WHAT NEEDS TO BE DONE: Within the listing below, please copy exactly the lines between the line holding "Kemp Gaestehaus Kathi Buschcamper *" and the line holding "Hotel Ashwin Igatpuri, Pure", inclusive.

DATA TO PROCESS:
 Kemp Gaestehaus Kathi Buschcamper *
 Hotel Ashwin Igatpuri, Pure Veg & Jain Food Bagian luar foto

...

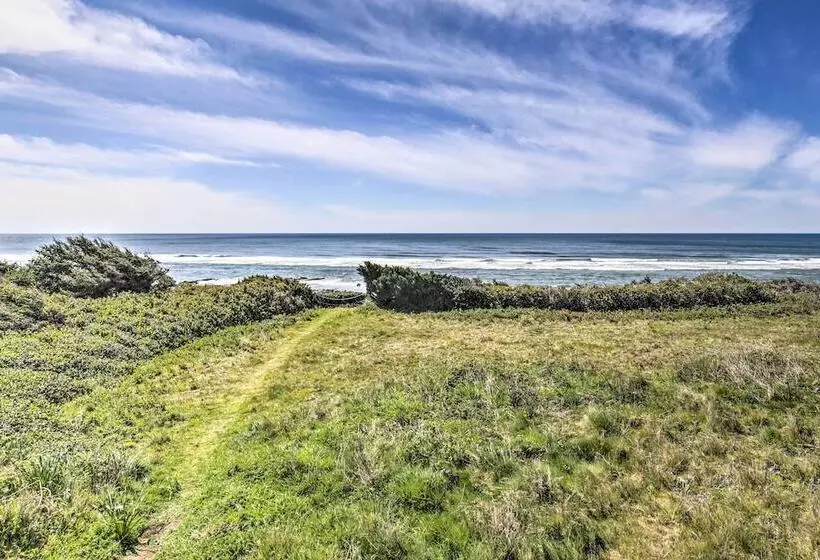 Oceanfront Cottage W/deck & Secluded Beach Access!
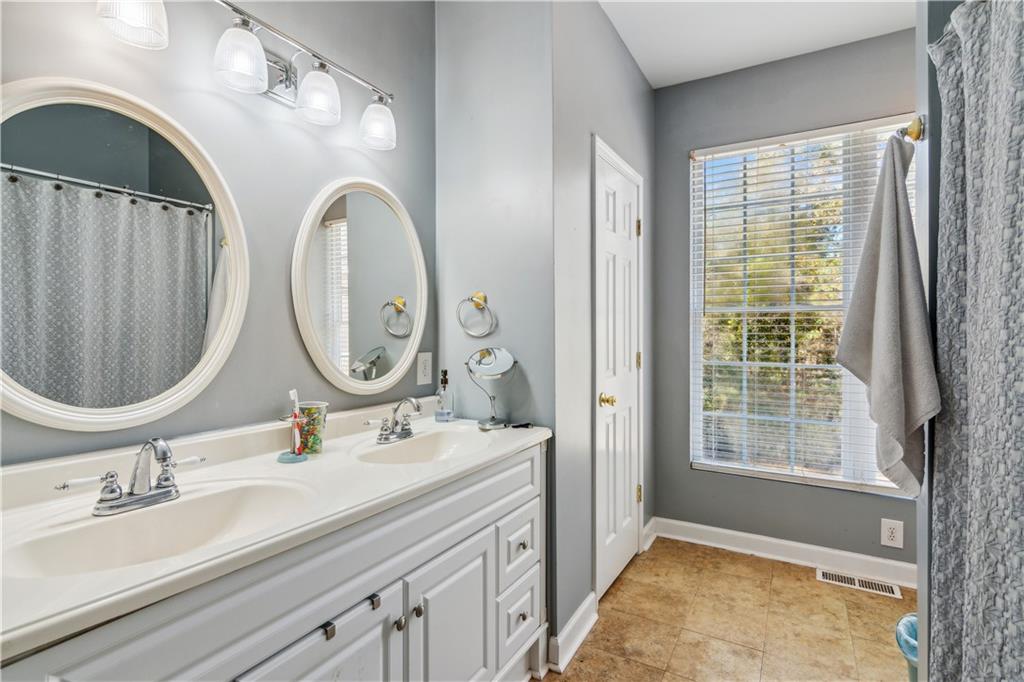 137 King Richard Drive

WRITTEN ANSWER:
 Kemp Gaestehaus Kathi Buschcamper *
 Hotel Ashwin Igatpuri, Pure Veg & Jain Food Bagian luar foto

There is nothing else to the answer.